A photo of the L888.2







A photo of the L636, which is identical to the L619, except the L636 has a date plus the day.







Don't know which is "better"?
However, my new Hydro Conquest came with the L888, which I'm very happy with.


----------



## Heigl (Aug 19, 2017)

billiybop said:


> A photo of the L888.2
> View attachment 12468815
> 
> A photo of the L636, which is identical to the L619, except the L636 has a date plus the day.
> ...


Biggest difference (from my point of view) is power reserve. I can also see from pictures above that the accuracy adjustment screws are located differently. In the previous version there is only one screw (between "fork") that needs to be adjusted, but the L888 reminds Omega's movement Co-Axial 2500C that has three adjustment screws in outer ring. This is my opinion.


----------



## Bgdn (Feb 25, 2018)

Hey guys. Quick question. How does one find out the movement version without opening the back ?


----------



## 3th3r (Jul 20, 2011)

Bgdn said:


> Hey guys. Quick question. How does one find out the movement version without opening the back ?

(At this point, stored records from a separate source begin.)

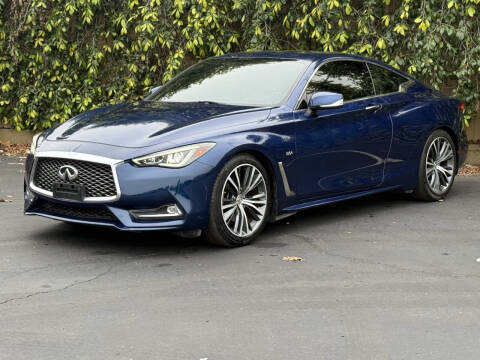 2017 Infiniti Q60 3.0T Premium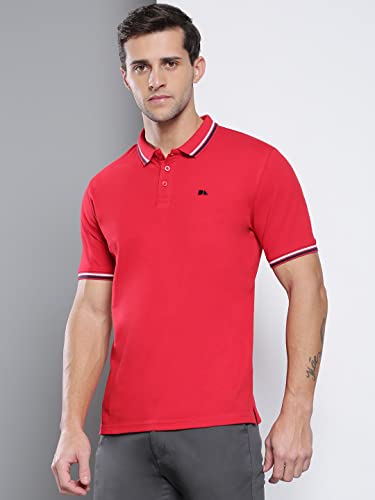 Image of Dennis Lingo Men's Cotton Slim Fit T-Shirt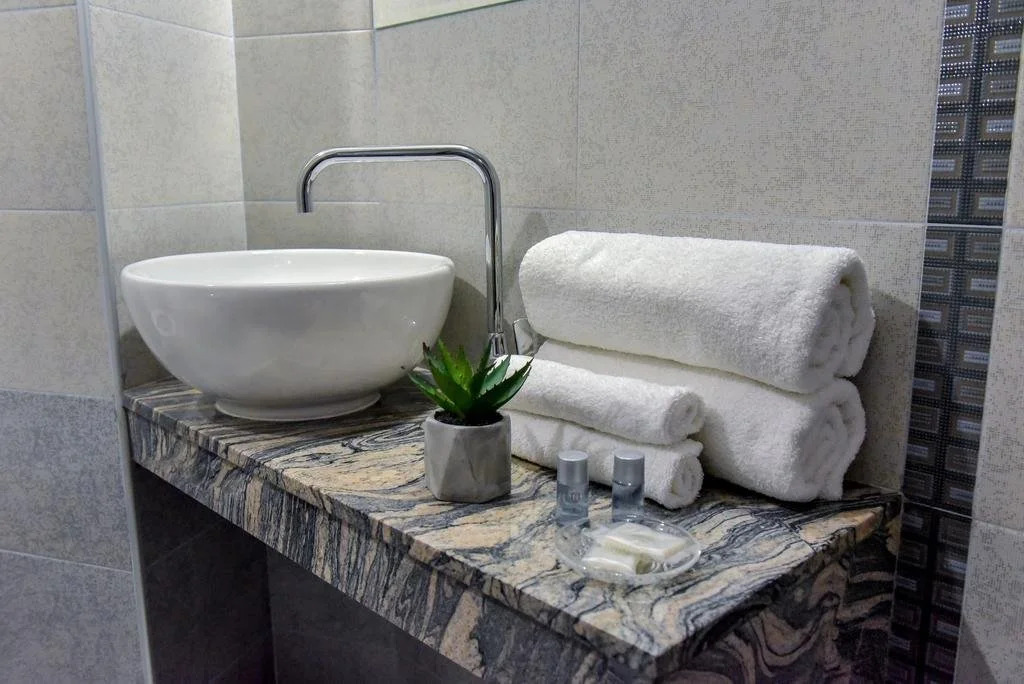 Central Guest Rooms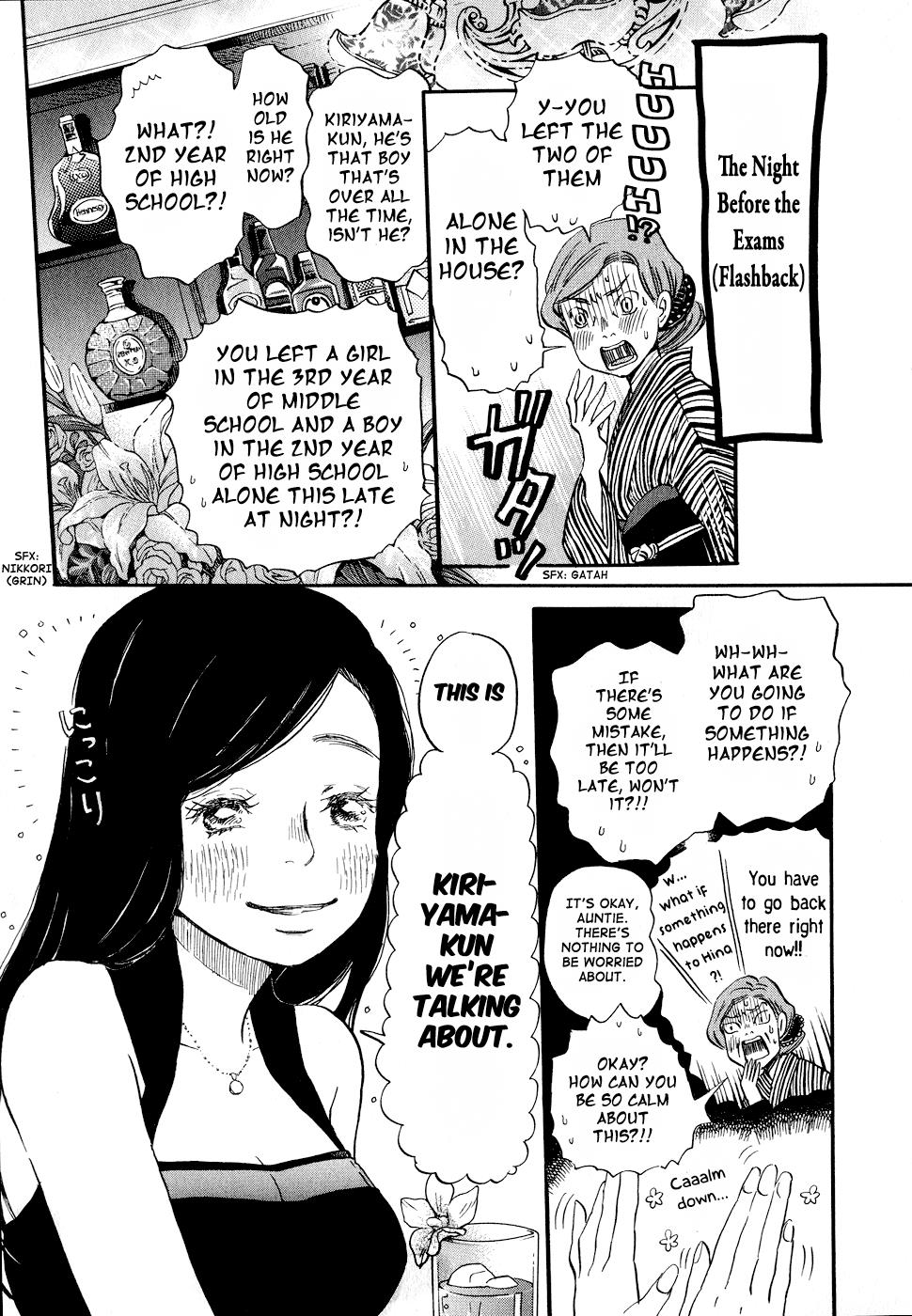 March Comes in Like a Lion Chapter 88 5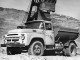 Характеристики бортового грузовика ЗИЛ ММЗ-550 6.0 MT 555 Строительный самосвал (10.1964 - 01.1966): фото, грузоподъемность, масса, скорость, двигатель, топливо, отзывы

A timegrapher will tell you the beat rate. The 619 will beat at 28,800 and the 888 will beat at 25,200. If you don't have a timegrapher yourself, most watch repair shops will.


----------



## Bgdn (Feb 25, 2018)

3th3r said:


> Bgdn said:
> 
> 
> > Hey guys. Quick question. How does one find out the movement version without opening the back ?
> ...


Thank you


----------



## billiybop (Feb 22, 2011)

billiybop said:


> A photo of the L888.2
> View attachment 12468815
> 
> A photo of the L636, which is identical to the L619, except the L636 has a date plus the day.
> ...


And I thought it could not be adj/reg because the regulator lever had been removed on this cal L888-2.
Lately my L888-2 has been running at plus 10 seconds a day. Don't know why it jumped from +1 s/d to 10 s/d.
So, anyway; This new movement has 2 little flat screws on the balance wheel equally spaced. I used the small very thin screw driver that I always use on my other adjustments with my loupe and adjusted each little screw equal 
micro turns. Didn't know which way to go so turned the little screws one direction and nope, wrong way, so back the other way. Now, too much, so a third adjustment to split the difference and checked 
on my timegrapher and it looks good for now. Will need to monitor though, but I think I got system.


----------



## billiybop (Feb 22, 2011)

Concerning my recent post where I regulated, or I should more correctly say, TRIED to regulate my L888.2 did not work out after all.
Iv'e come to the conclusion that this movement can only be adj/reg by a professional.


----------